A week or so ago, I began contemplating using a pen name for manuscript submission. This move, I thought, would follow in a great literary tradition of authors whose work I admire. In consulting with my mentor through UT’s MFA program, however, several points were raised that I felt bore repeating here:
1. Using a pen name could mean that people won’t identify “the real you” with your work. That is, your persona or pseudonym receives the credit. Much like the ventriloquist plagued by the reputation of his puppet, authors too sometimes become overshadowed by the power of their pen name.
2. A pen name can serve as a hiding spot or a shield. Some people may consider this a good thing, but in the end, pen names can sometimes cause writers to avoid accountability for their words by blaming this “imaginary friend” of sorts. Comfort and liberation can come from this idea, of course, but at what price?
3. When people go into the bookstore, do you want them looking for work by (your name here), or do you want them seeking words by this moniker? True, you and your pseudonym may be one and the same, but there’s always that lurking barrier that arises through the use of another identity. In this society where we value openness and sincerity, pen names impart a certain shade or veil that readers today don’t necessarily enjoy.

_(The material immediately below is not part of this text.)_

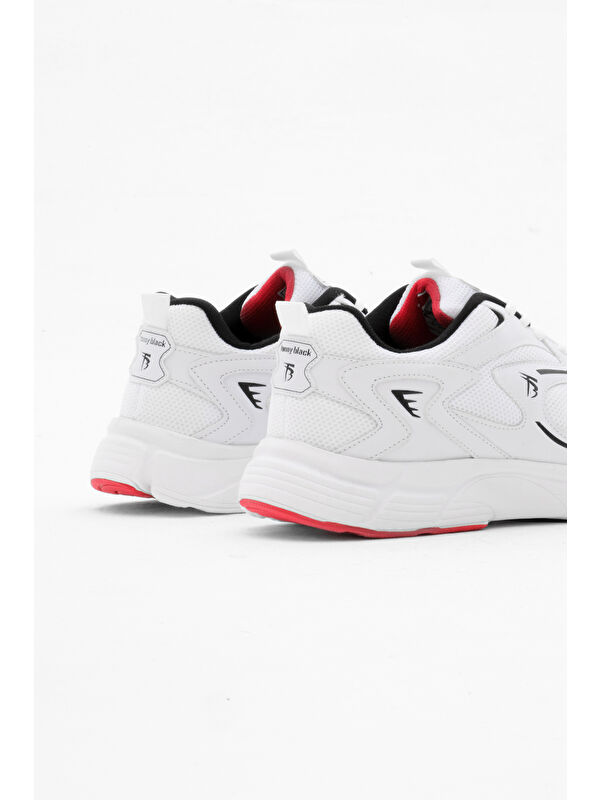 Unisex Beyaz Siyah Rahat Kalıp Yüksek Faylon Taban Bağcıklı Spor Ayakkabı - Görsel 6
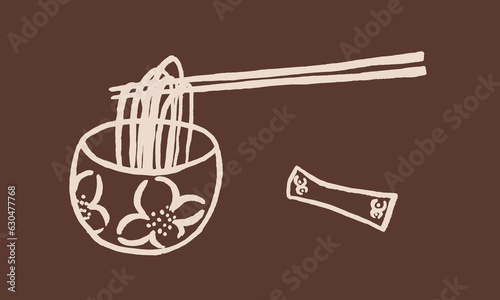 Vector image of a bowl of noodles and chopsticks in a traditional style.Ink, brush, calligraphy, drawing, sketch, graphics, doodle. Japanese restaurant, cafe, oriental cuisine. Brown, beige. Eps10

In the end, of course, I decided against my proposed pen name. It was, at best, a passing fancy, and one best left in the annals of my writing history. If some day I decide to change course, I’ll probably take the Nora Roberts route: Let people get to know “the real me” first, then later write under an assumed name that everyone knows is mine in the first place. For the time being, I’m just me. As common and as average as my name is, it’s still mine.

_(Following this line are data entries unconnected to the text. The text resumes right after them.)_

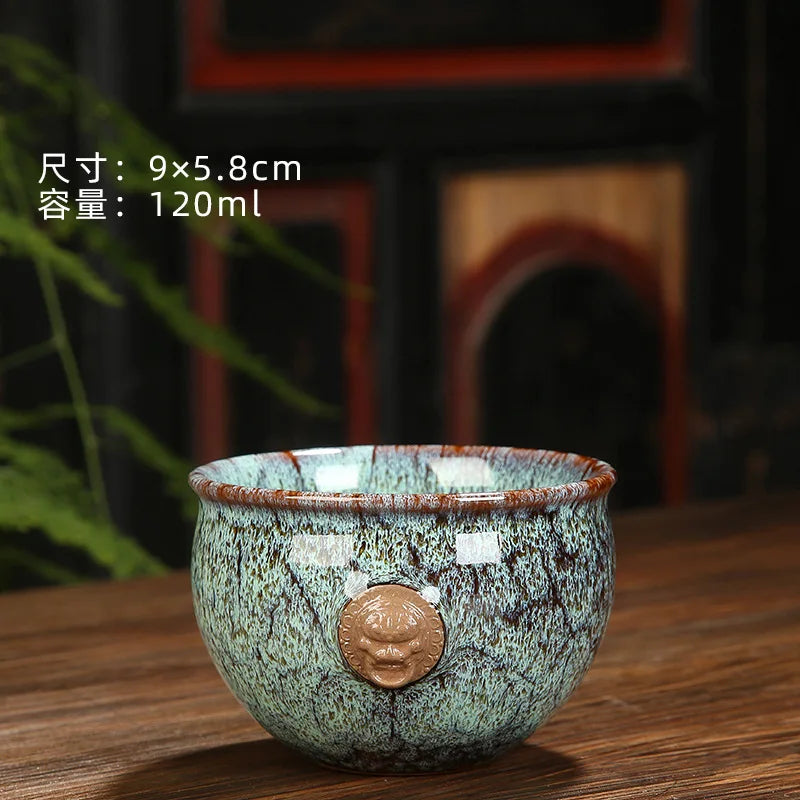 Ceramic Fambe Tea Cup Jianzhan Double Cow Hand-Held Insulation Kung Fu Tea Master Tea Cup Tea Cup Tea Bowl Logo Customization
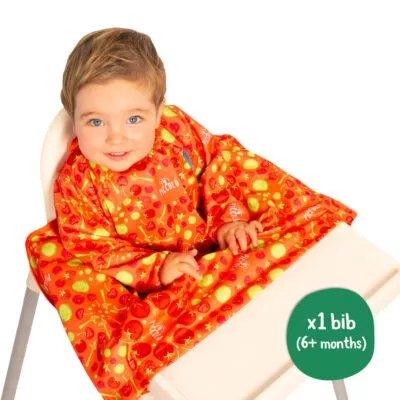 Piccolo x Bibado Red Coverall Weaning Bib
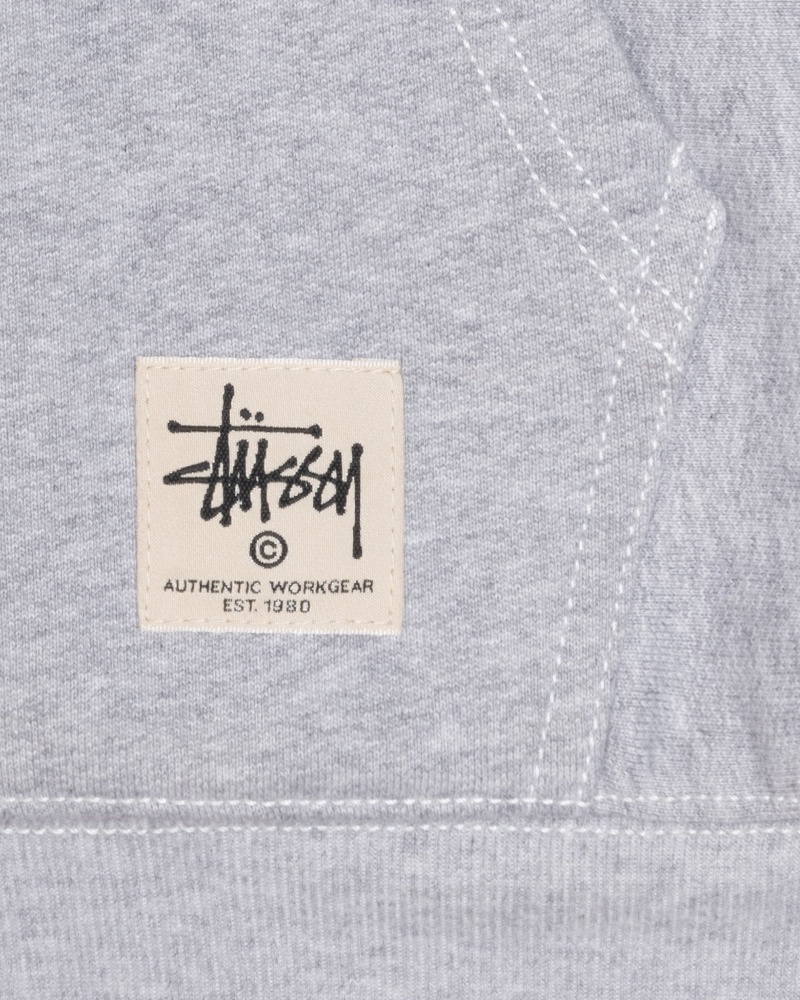 Felpa con Cappuccio Stussy Double Face Label Zip Grigie | 24510-UADZ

I’ve never considered using a pen name because I myself am disappointed when I find out that an author I enjoy reading is not who I think they are… Know what I mean? I remember as a kid finding out that Carolyn Keene was not a real person, but the pseudonym for the authors who wrote the Nancy Drew mysteries… I was shocked and then bothered by it. I wanted to know why they hid that.. Why they lied to me.. Maybe it’s just my suspicious nature (I DO write detective fiction lol) but I don’t like it.
So, not to display my ignorance, but I thought Franklin W. Dixon was Carolyn Keene’s pen name — The Hardy Boys series was apparently written by her under the pen name aformentioned. I could be dead wrong about this, but that’s what one of my junior high teachers said. Blame them. Thanks for commenting!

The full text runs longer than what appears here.